There are several layers of fault tolerance in S2D:
- Storage Spaces virtual disks: You choose the resilience of a virtual disk at the time of creation. If you chose three-way mirroring that’s commonly used in larger installations, then the 1 GB extents that make up each file are stored on three different servers. If a disk fails, then there is automated recovery to the remaining disks.
- S2D nodes: If one of the servers is permanently lost, then data is available via mirroring on the other nodes. A manual task is done to rebalance the data from the lost node to the remaining nodes. This process is not automated because servers are more likely to be offline for a short amount of time due to maintenance or a crash.
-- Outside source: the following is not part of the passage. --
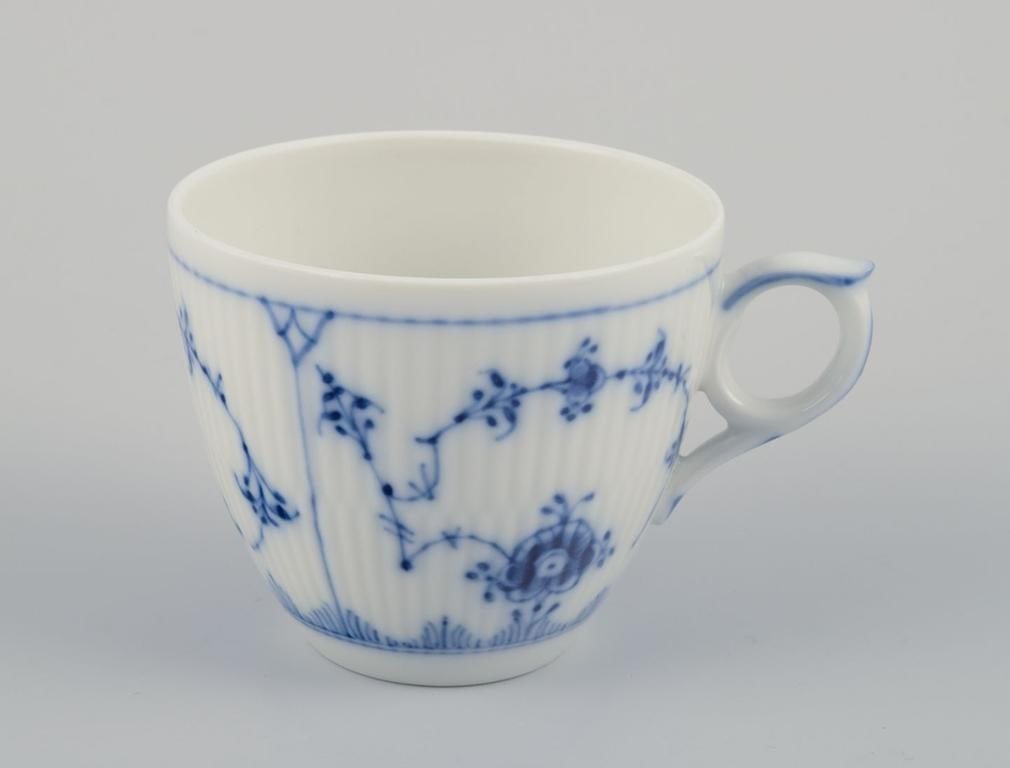 Royal Copenhagen Blue Fluted Plain. A set of five coffee cups with saucers. - 3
If a server recovers, then an automated resync occurs to bring its storage back up to date.
- ReFS: One of the benefits of ReFS is that it offers many layers to protect against data and metadata corruption via checksums and backups. Bit rot can be prevented using these mechanisms.
Note that a lower priority is used for recovery actions so that the performance foreground tasks, such as running virtual machines, is not impacted.
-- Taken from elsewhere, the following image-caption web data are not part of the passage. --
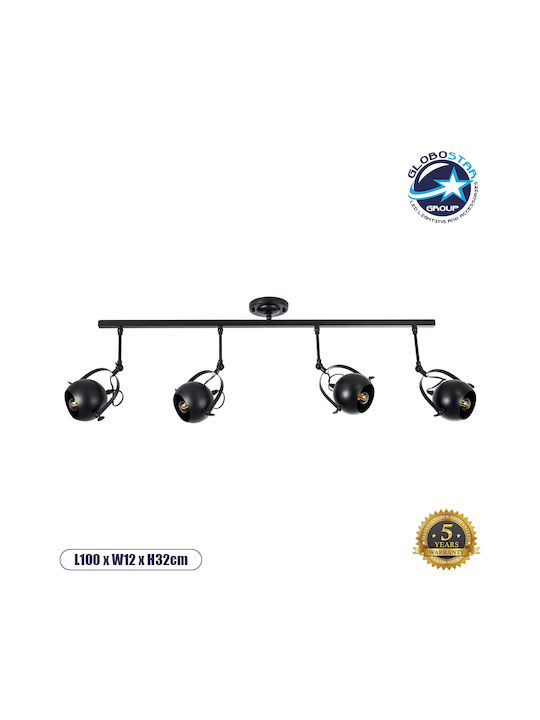 GloboStar Industrial Cannes Spot with 4 Lights and with Socket E27 in Black Color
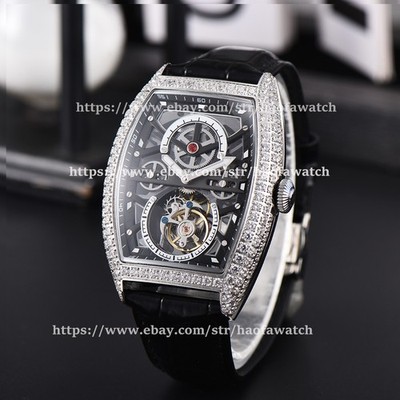 Aesop Luxury Rhinestones Flying Tourbillon Mechanical Mens Watch Hollow 7069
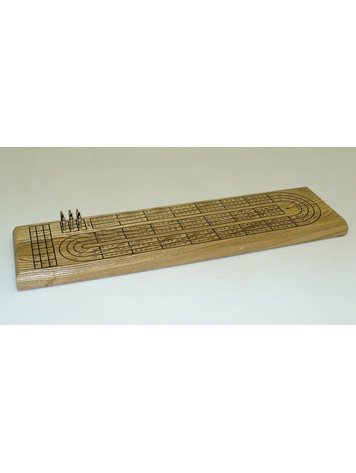 CRIBBAGE 3 TRACK OAK BOARD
SMB Direct (RDMA) is required to network the nodes of a S2D cluster. RDMA provides:
- High bandwidth
- Low latency
- Minimized CPU utilization
One might question the cost of something like 40 Gbps ROCE v2, but this cost will be more than absorbed by the low cost of the storage system that is using SATA disks. This form of networking also allows hosts to make the most of SSD or NVMe disks.
Storage performance is enabled with tiered storage. A heat map tracks the popularity of data and moves hot data to the NVMe/SSD tier and colder data to the HDD tier. This offers the affordable scalability of SATA HDDs at the lower end and the speed of NVMe at the higher end, thus targeting spending in a very granular way. A write-back cache is enabled in tiered virtual disks to absorb spikes in write activity.
WS2016 ReFS also offers improves performance:
- The zeroing out of creating fixed VHD/X files or extending dynamic VHD/X files has been turned into a near instant metadata operation.
- The merging of checkpoints (formerly AKA snapshots) is a zero data move operation that improves the performance of file-based backups.
Scaling Out and In
It is easy to add capacity to an S2D cluster. Simply add a new server with DAS storage to the cluster and rebalance the extents across each node, and note that this is a low priority IO task. You can also remove a server from an S2D cluster.
A few companies have invested in Storage Spaces with shared JBODs, and those that picked their hardware wisely realized great savings with awesome performance. Microsoft continues to invest in that architecture but S2D in combination with SMB 3.0 networking offers a new way to deploy interesting designs, both for large scale environments and small to mid-sized organizations.